哈喽,安装官网安装了mindspore2.2.12和CANN7.0.0.beta1,测试源代码模型编译时间没问题,根据任务需求添加了summary的记录和修改数据读取部分,模型部分没有动;但是模型编译时间还是很长,请问模型编译速度慢可能因为什么影响呢

@zx214 您好。根据您的描述,似乎是从启动Python脚本,到开始训练计算的耗时较长,而不一定是MindSpore的静态图模型编译耗时较长。

建议您考虑使用以下方案,定界出真正耗时较长的代码:

  1. 将新增的Summary模块、数据加载模块相关代码,从项目中剥离出来,进行单元测试,测算耗时;
  2. 在项目代码tools/main.py中,使用Python的time包,计时分析各阶段耗时。

根据您的描述,耗时较长的原因可能有:

  1. Summary写入过多冗余信息,导致耗时过长;
  2. 加载数据的效率较低,如数据集的单样本分辨率很高,或硬盘读写速率较低;
  3. MindSpore Graph/静态图首次执行图编译会消耗相对多的时间,非首次执行图编译则会复用之前生成的编译缓存。如果您每次手工删除了编译缓存,会导致编译时间变长。
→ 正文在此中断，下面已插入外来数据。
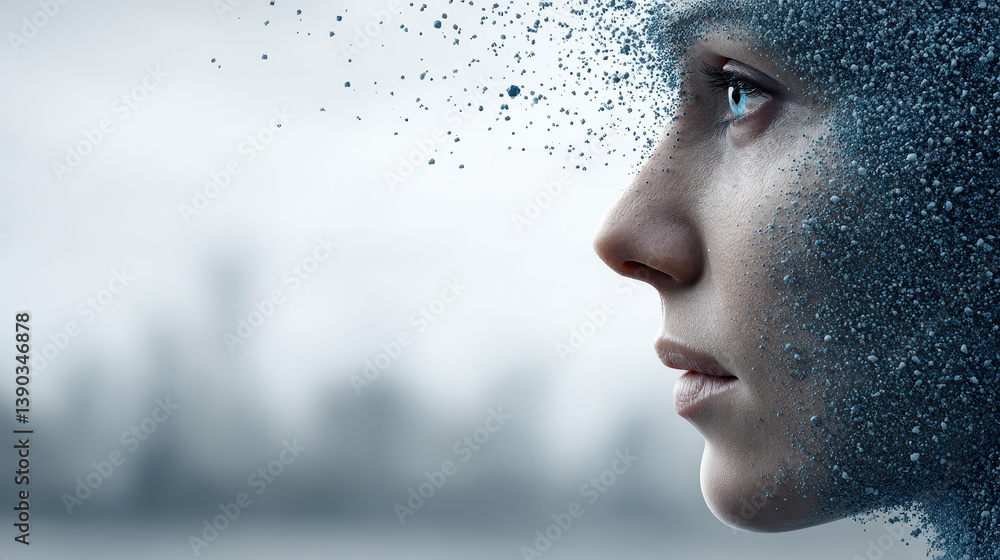 Poster digital storm emerges from neural network, engulfing a smart city in chaos and symbolizing the rise 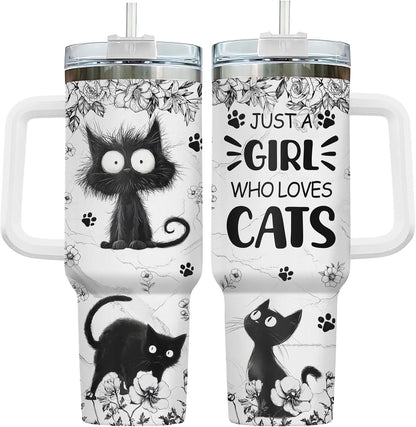 Funny Cat Will Not Harm My 40 oz Tumbler with Handle, Cat Lover Gift | Feline Lover Gift, Feline Kitty Whiskers Paw Meow Fur Baby Heifer Ranch Farmhouse Cattle Moo Tumbler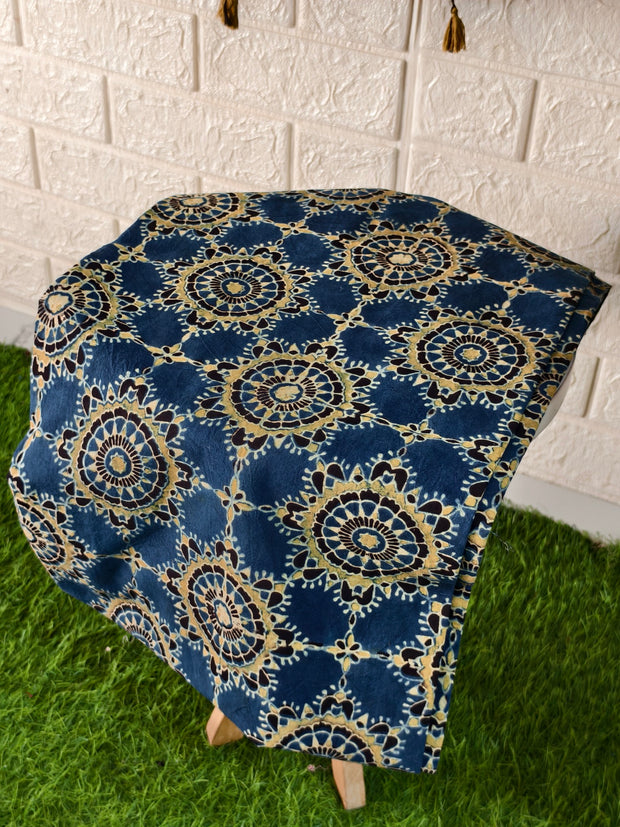 Buy Pure Cotton Indigo Blue Ajrakh Hand Block Print Nechral Dye 3 Pice Suit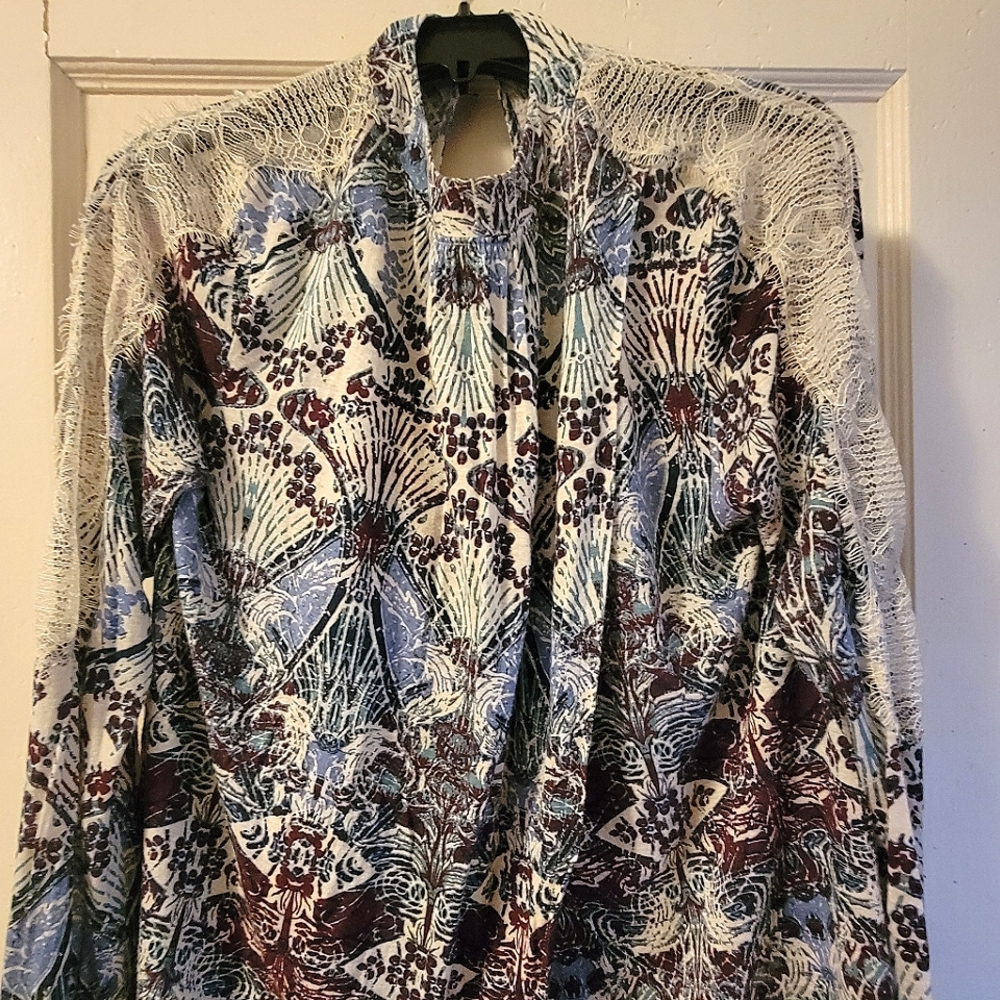 Free People Boho Blouse With Lace Sleeve Inlays
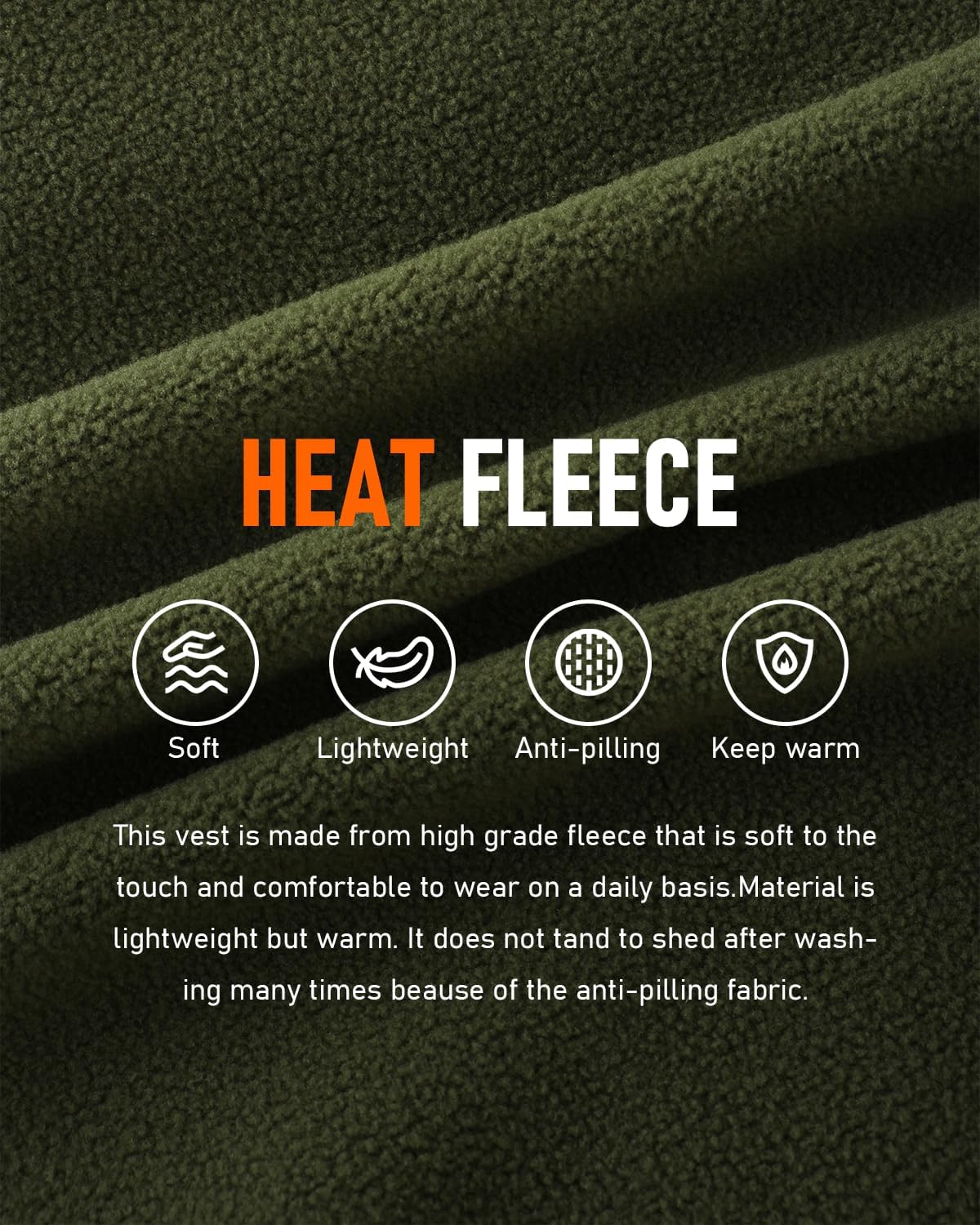 LABCOOL Heated Vest for Men Women with Ultra-Soft Microfleece, 10000mAh Battery Pack, USB Rechargeable Body Warmer - Image 5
好的,我定位一下,再向您请教个问题在2卡训练中,输出这样的日志,怎样原因导致的,如何解决呢
image

@zx214 您好,根据您反馈的错误日志。因为MindSpore源代码中未包含相关错误信息,该问题可能不是MindSpore引入的。建议您检查一下Ascend的环境配置,包括硬件是否安装正常,CANN包是否安装正确(例如安装完CANN后是否安装了te和hccl的whl包)。